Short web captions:
########

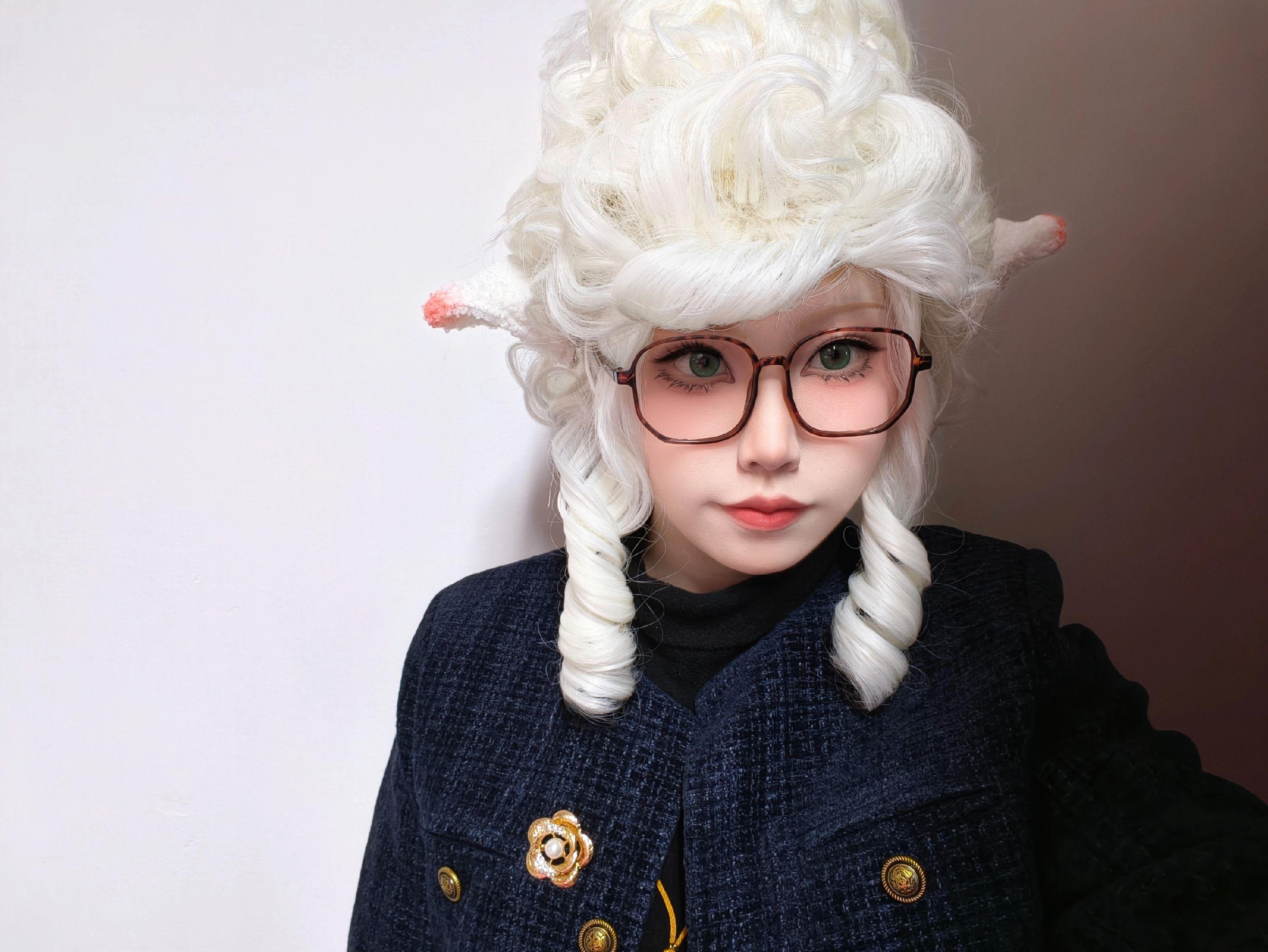 不感动不敢动。     出来挣点染发钱，被狐尼克发现了。 我就那样老老...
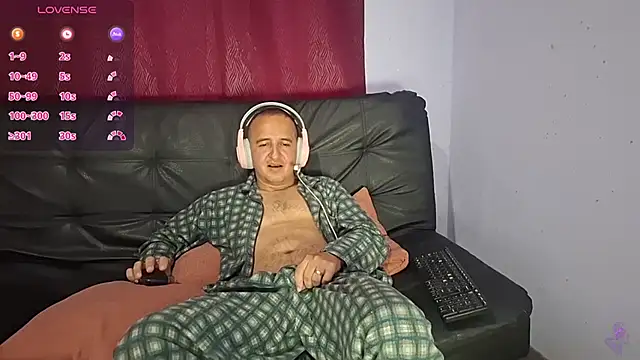 GreisyAndHazzan Chat XXX live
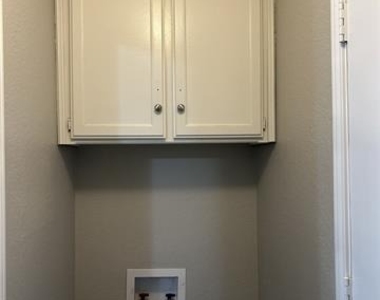 6621 N Park Drive - Photo Thumbnail 16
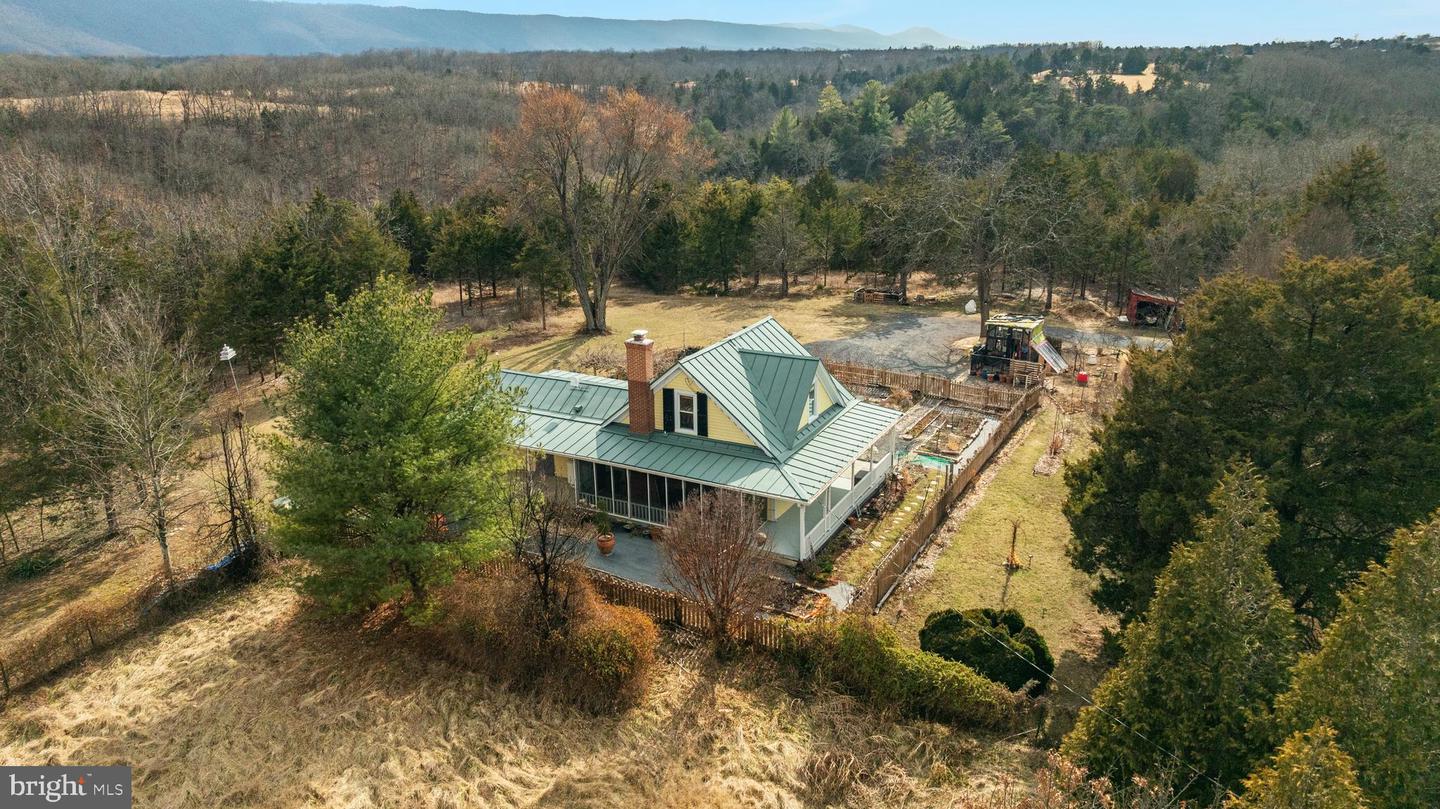 29674 OLD VALLEY PIKE, STRASBURG, Virginia 22657, 2 Bedrooms Bedrooms, ,1 BathroomBathrooms,Residential,For sale,29674 OLD VALLEY PIKE,VASH2013704 MLS # VASH2013704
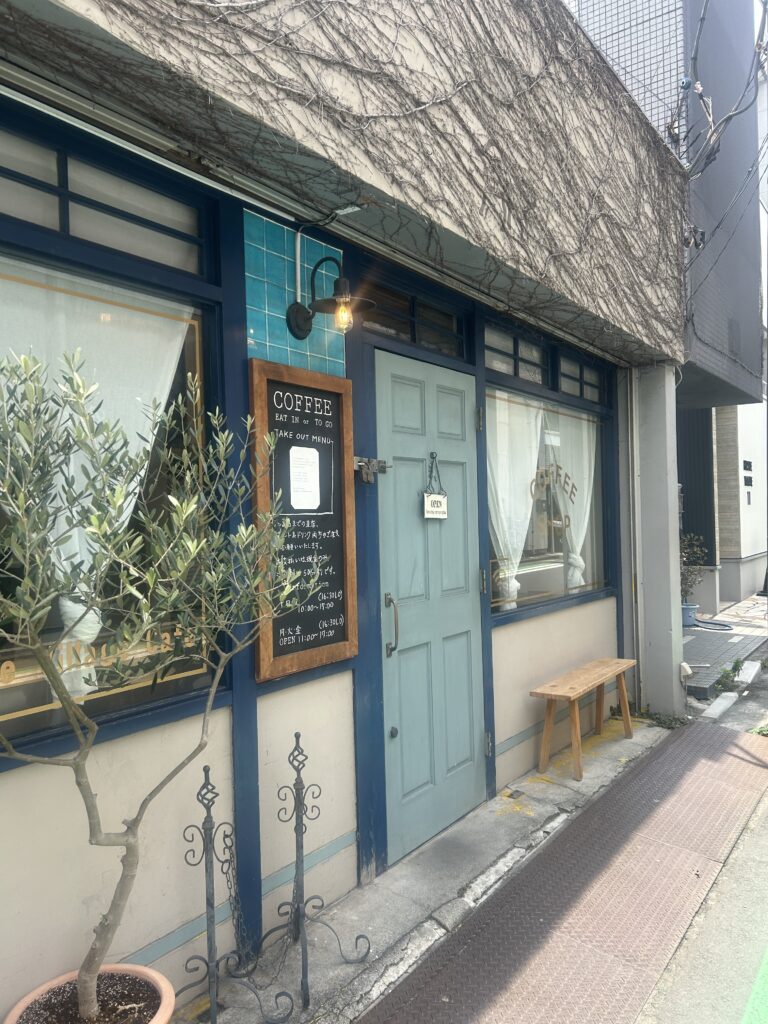 青いドアの外観。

########

**Your instructions:** Write the lines from the one with "6621 N Park Drive - Photo Thumbnail 16" through the last line of the entries out again exactly, both ends included, and skip the pictures.

**Task output:**
 6621 N Park Drive - Photo Thumbnail 16
 29674 OLD VALLEY PIKE, STRASBURG, Virginia 22657, 2 Bedrooms Bedrooms, ,1 BathroomBathrooms,Residential,For sale,29674 OLD VALLEY PIKE,VASH2013704 MLS # VASH2013704
 青いドアの外観。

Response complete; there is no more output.